The freshness half is already handled when an MCP server is registered: codegraph serve --mcp runs a file-watcher and does a connect-time catch-up. So the missing piece is the initial build on a clone that has the opt-in signal but no local .db yet.

Open questions:

  • Where to trigger the initial build. A SessionStart hook can see the cloned repo before any work begins. The alternative — relying on the developer to run codegraph init — is exactly the manual step we want to remove.
  • Blocking vs detached build. Indexing a large repo takes many seconds; blocking SessionStart on it would stall every session start.
  • Missing binary. A teammate may not have codegraph installed.

Decision

Add hooks/codegraph-bootstrap.sh, a SessionStart hook (registered in settings.json) that, with CWD = the session's project dir:

  • no .codegraph/ → exit 0 (repo has not adopted CodeGraph — never index it);
  • .codegraph/ + local .db present → exit 0 (the MCP watcher keeps it current);
  • .codegraph/ + .db missing + binary present → build the index in the background (setsid, falling back to nohup) so SessionStart never blocks, printing a one-line notice; codegraph's own lock file makes a concurrent init fail harmlessly, so no extra spawn guard is needed;
  • .codegraph/ + .db missing + binary absent → print a one-line install nudge and exit 0.

Fail-open throughout: malformed input or any error exits 0 — a bootstrap hook must never block a session. Test seams (CODEGRAPH_BIN, CODEGRAPH_DB_FILE, CODEGRAPH_BOOTSTRAP_SYNC) let the bats suite drive the foreground path against a fake binary.

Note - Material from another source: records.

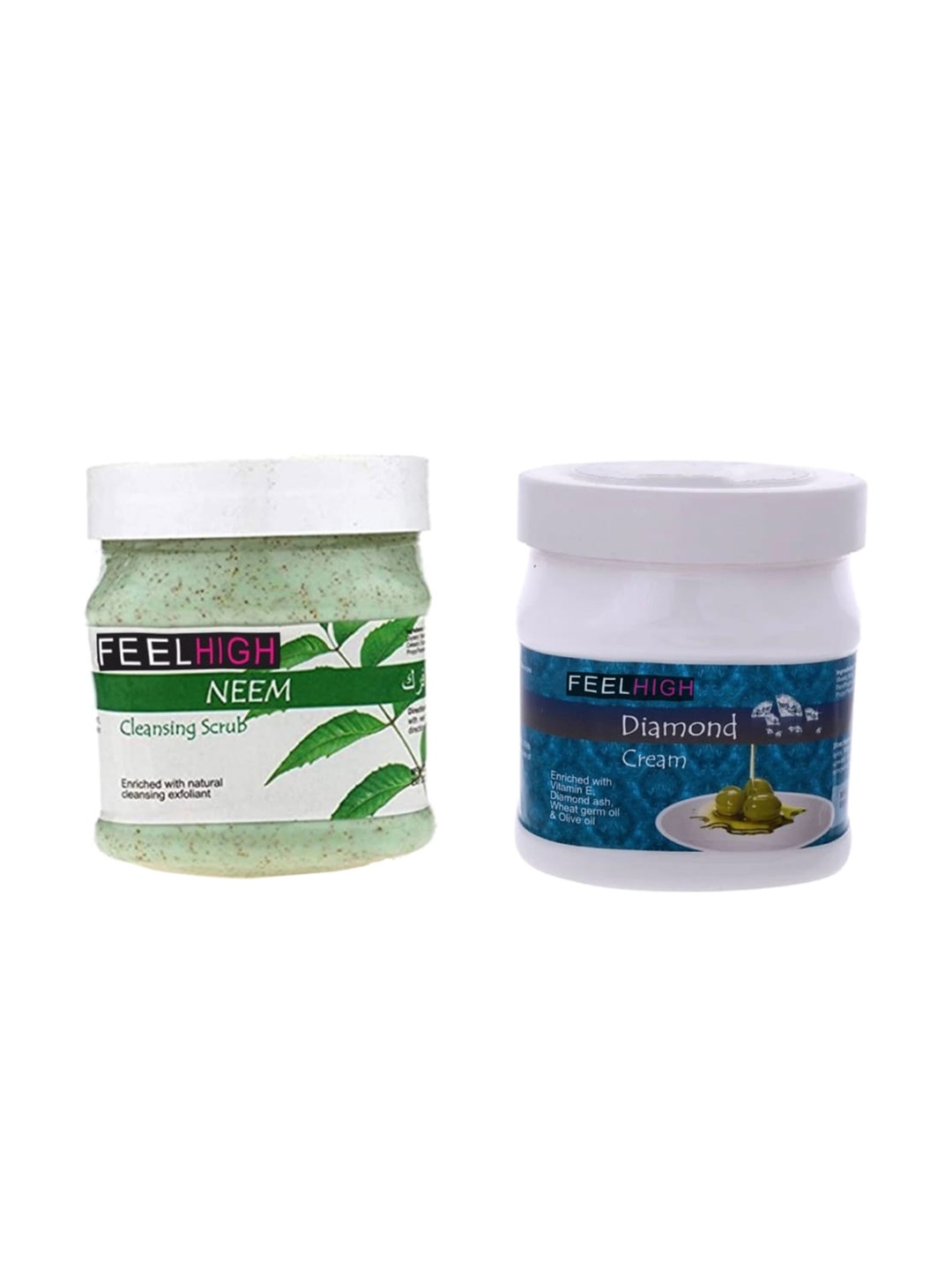 

FEELHIGH Set Of 2 Neem Scrub And Diamond Cream, Multi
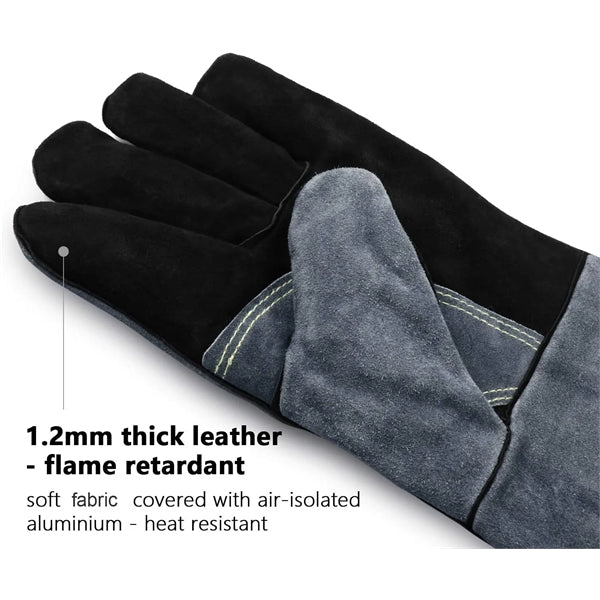 14 Inches Leather Forge Welding Gloves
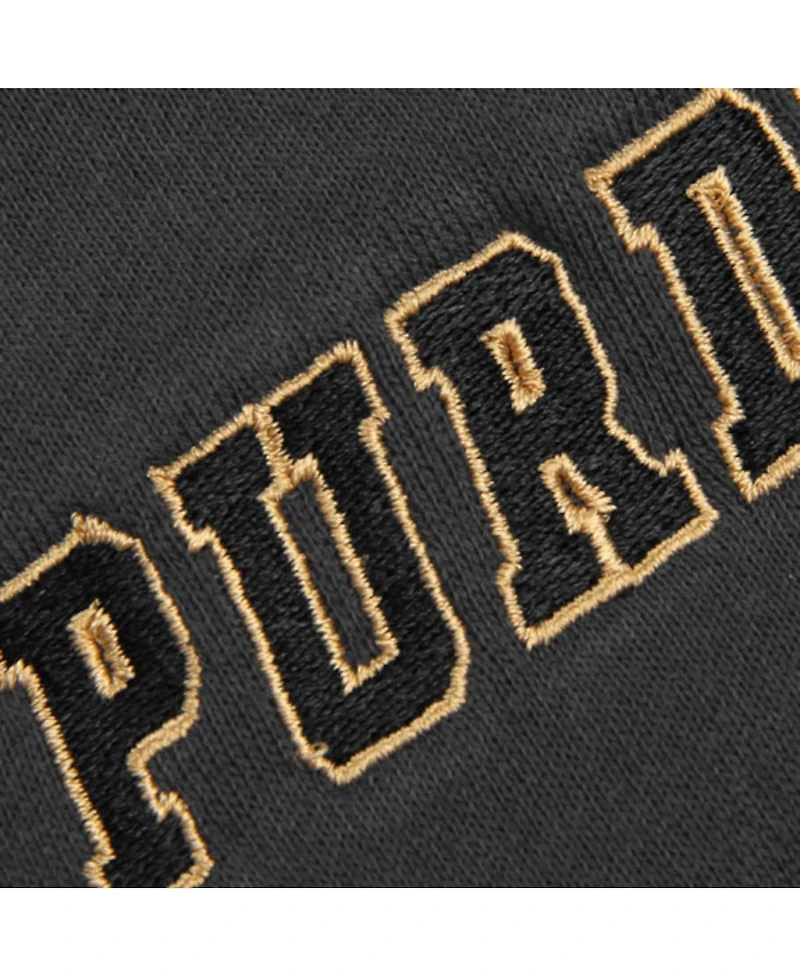 Big Boys Charcoal Purdue Boilermakers Logo Pullover Hoodie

Complementarily, /init-dev-team (and init-dev-team-linux.sh) — after a successful codegraph init — writes a project-root .mcp.json registering codegraph serve --mcp (deep-merged so existing servers are preserved) and tells the user to commit it alongside .codegraph/.gitignore. Committing those two artifacts is what lets every later clone bootstrap automatically. The tools never git add/commit on the user's behalf.

Consequences

  • Adopting CodeGraph becomes a commit-two-files action (.codegraph/.gitignore + .mcp.json); every clone then self-bootstraps with no per-developer codegraph init.
  • A repo without .codegraph/ is completely unaffected — the hook is a no-op.
  • The first session on a fresh clone runs with a stale/absent index for a few seconds while the background build completes; the notice tells the user to fall back to Read/Grep/Glob until it finishes.
  • Teammates without the binary get an actionable install nudge rather than a silent failure.
  • Behavior is covered by tests/hooks/codegraph_bootstrap.bats, and the settings registration plus the init .mcp.json flow by tests/hooks/codegraph_settings_test.bats and tests/commands/init_dev_team_codegraph_test.bats.